Estados Unidos como marca

¿Puede un gobierno hacer marketing más allá de las diferencias culturales? Los estadounidenses exhiben un candor único cuando la realidad les pone frente a los ojos que algún país del “resto del mundo” no los quiere. Hoy ponen la mira en el Islam.

14 enero, 2001

En los últimos 50 años, la imagen ambivalente de los norteamericanos hacia fuera viene siendo una obsesión puertas adentro. En cierto modo, la faz menos grata para Washington tiene dos precedentes literarios: una novela muy bien escrita de Graham Greene (The Quiet American, 1955) y su respuesta, de menor calidad (TheUgly American, William Lederer y Eugene Burdick, 1958) pero hecha famosa vía Marlon Brando en la película homónima (1963).

Ambos textos tienen que ver con Vietnam. Ambos, explícita o implícitamente, remiten a Latinoamérica y dos claves: la ambivalente doctrina Monroe y la muy directa “política del garrote” (Theodore Roosevelt). James Monroe, en verdad, proclamó “América para los americanos” (*) cuando el gentilicio era común a Estados Unidos –aún no había deglutido Tejas, California y los restantes territorios entonces mexicanos- y los países de habla castellana. Al respecto, cabe recordar un dato: en el Imperio del Brasil no se usaba.

En cierto modo, Monroe tranquilizó a políticos y pensadores latinoamericanos aplicando la doctrina para impedir que Gran Bretaña ocupase puertos venezolanos en reclamo de una deuda. Pero los episodios que llevaron a la anexión de Tejas y a la guerra con México (1836-45) impusieron el lado negativo de la doctrina. Hizo falta que EE.UU. diera auxilio decisivo a los aztecas contra la ocupación francesa (1867/70) para suavizar las cosas.

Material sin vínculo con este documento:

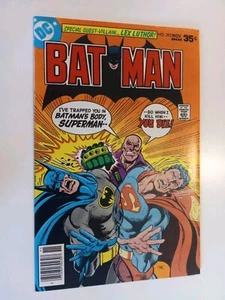 Batman 293  NM  Combined Shipping Add 75c Per  Comic - Picture 1 of 2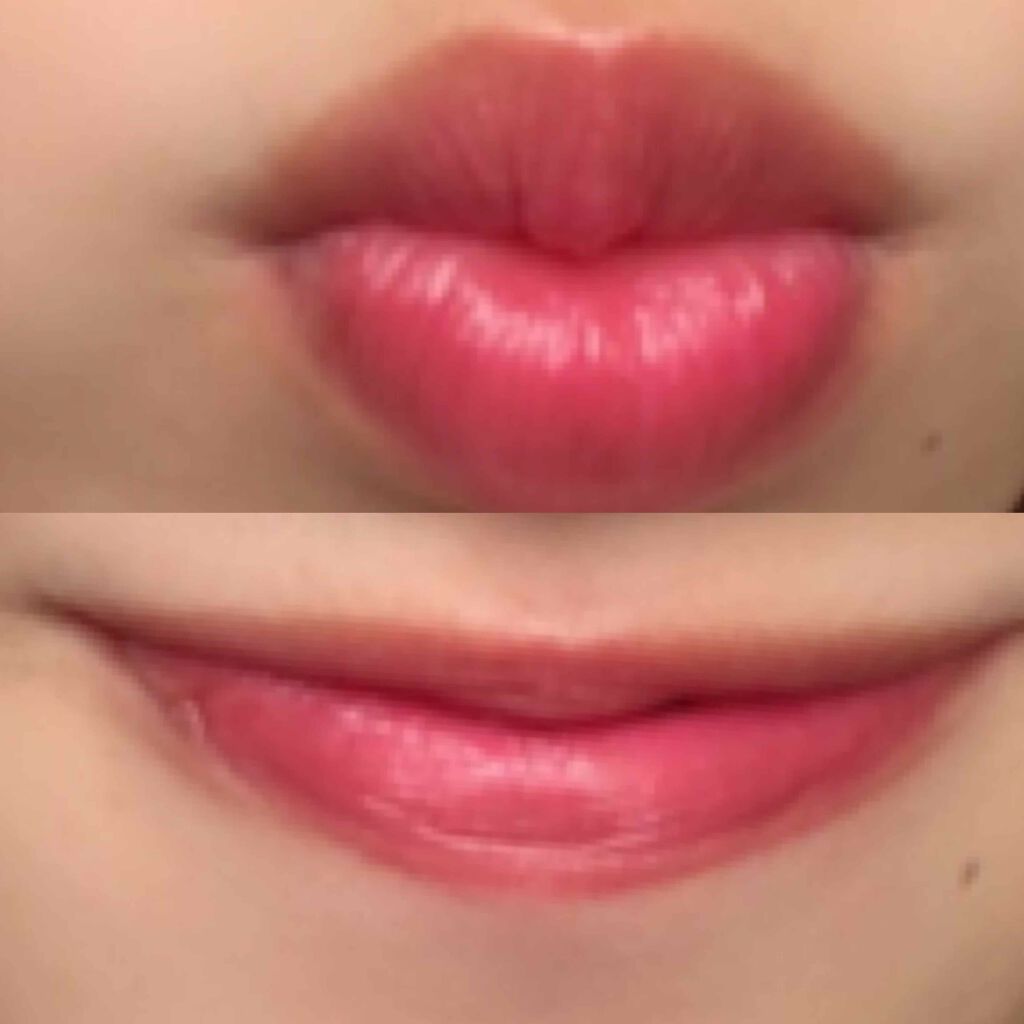 オペラ リップティント N/OPERA/リップティントを使ったクチコミ(2枚目)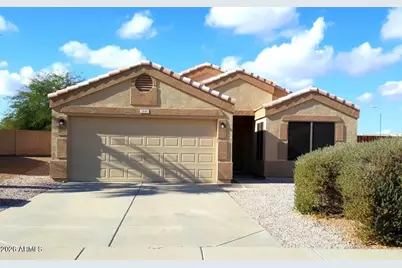 1848 S Valley Drive, Apache Junction, AZ 85120 - Photo 1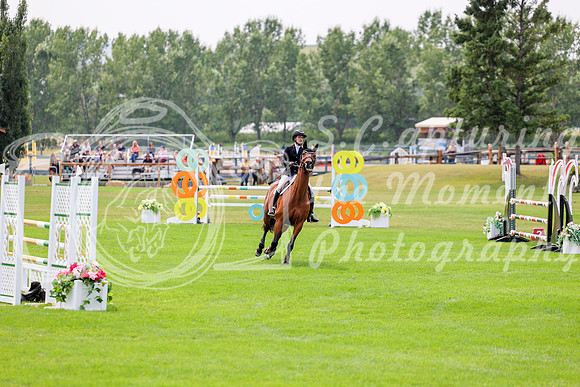 09192 - Mara - 2026 Rocky Mountain Classic I - Friday August 7th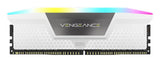 Corsair CMHLEKIT2W-D5 computeretui del RGB-lysforbedringssæt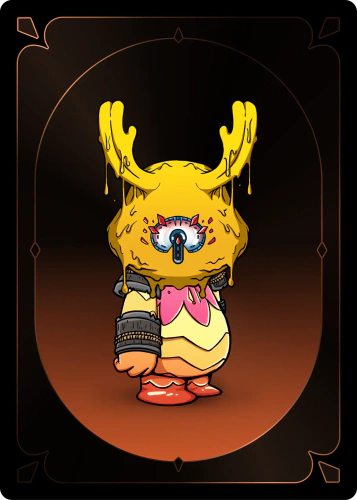 Token #6933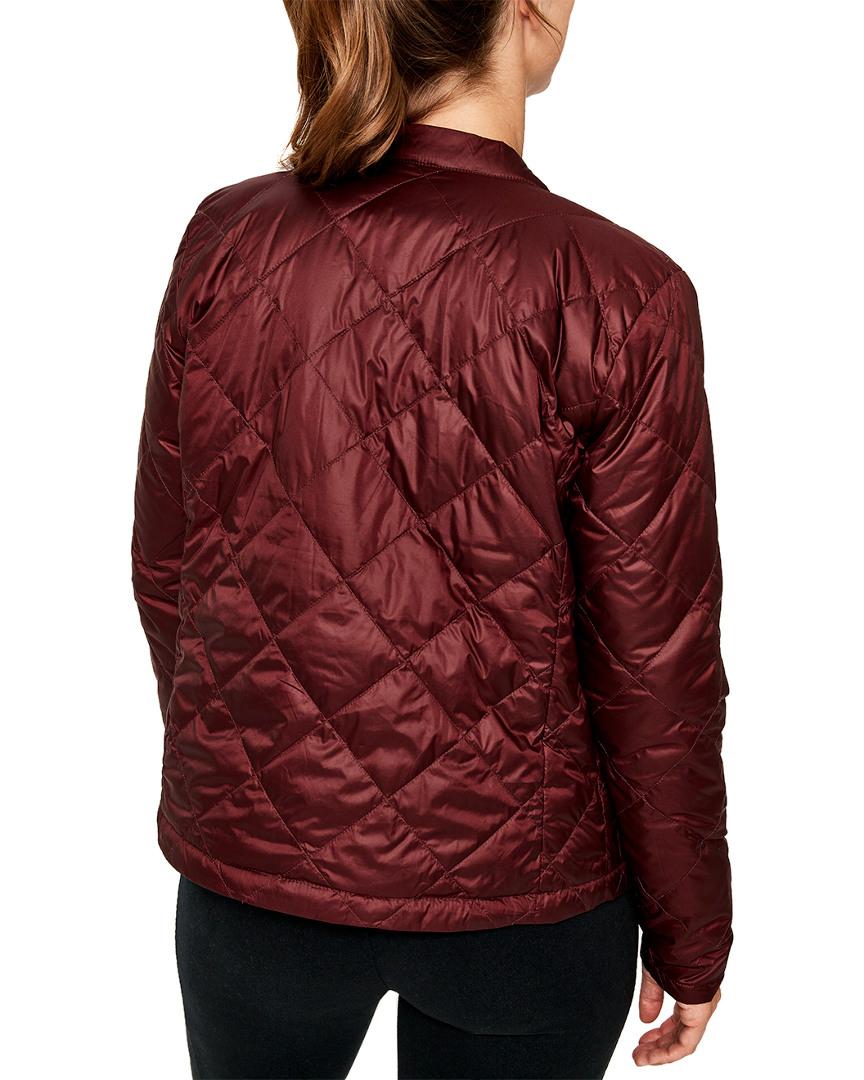 lole reversible jacket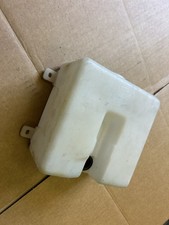 Ford escort mk2 - ford, bottle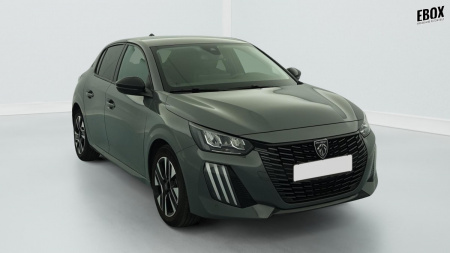 376039_p2 - PEUGEOT - 208 - 2024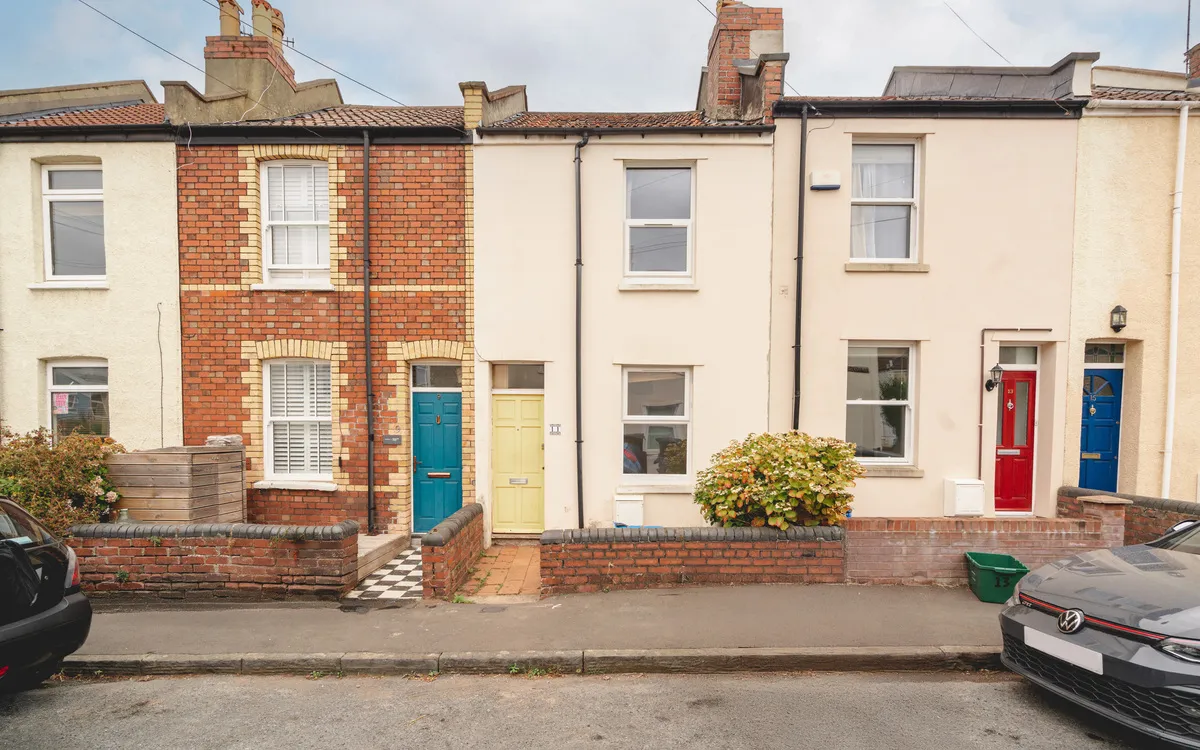 Beaufort Street, Bedminster, BS3, photo 2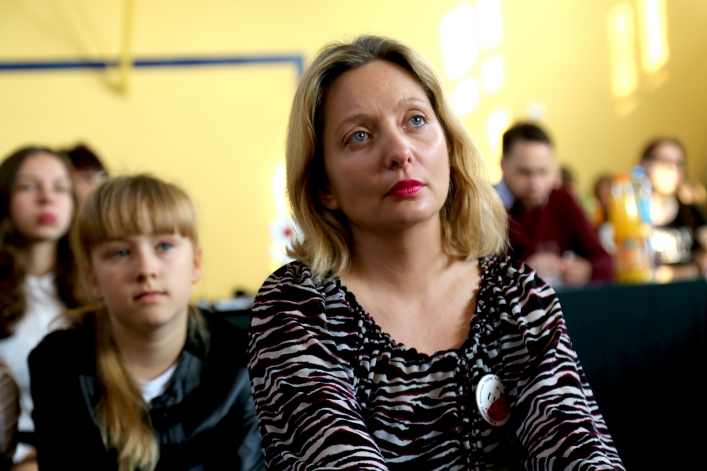 II Powiatowy Konkurs Pieśni Patriotycznej w Szkole Podstawowej nr 23 w Elblągu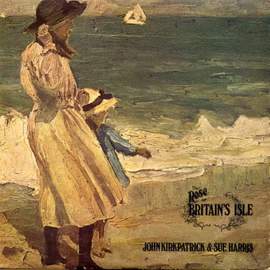 The Rose of Britain's Isle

Después, la cuestión de Panamá, la intervención en la guerra civil mexicana de 1910/20 y las reiteradas interferencias en Centroamérica (aplicaciones del big stick, redefinido como “patio trasero” por Milton Eisenhower, 1952). Por supuesto, salvo Filipinas –consecuencia de la guerra con España, 1898-, Washingtom recién se ocuparía de su imagen extracontinental tras la guerra de Corea (1950/3). El sudeste asiático creó a ese norteamericano tranquilo que pronto se haría bastante desagradable.

¿Qué clase de marca?

Mucha agua ha pasado bajo los puentes hasta que, ahora, la administración conservadora –con viejos ribetes aislacionistas- de George W.Bush nombra a Charlotte Beer subsecretaria de diplomacia pública. Imagen, en realidad. Esto ocurre en octubre de 2001 pero, en enero de 2002, se pone por decreto al cubano Otto Reich (hombre estilo big stick) a cargo de los asuntos latinoamericanos. La lectura política de esta nueva ambivalencia corre por cuenta del mundo publicitario, donde enseguida perciben que la “diplomacia pública” no mira al sur del río Bravo sino al resto del mundo. Más concretamente, a sociedades como la islámica, la hindú, la sinojaponesa, etcétera.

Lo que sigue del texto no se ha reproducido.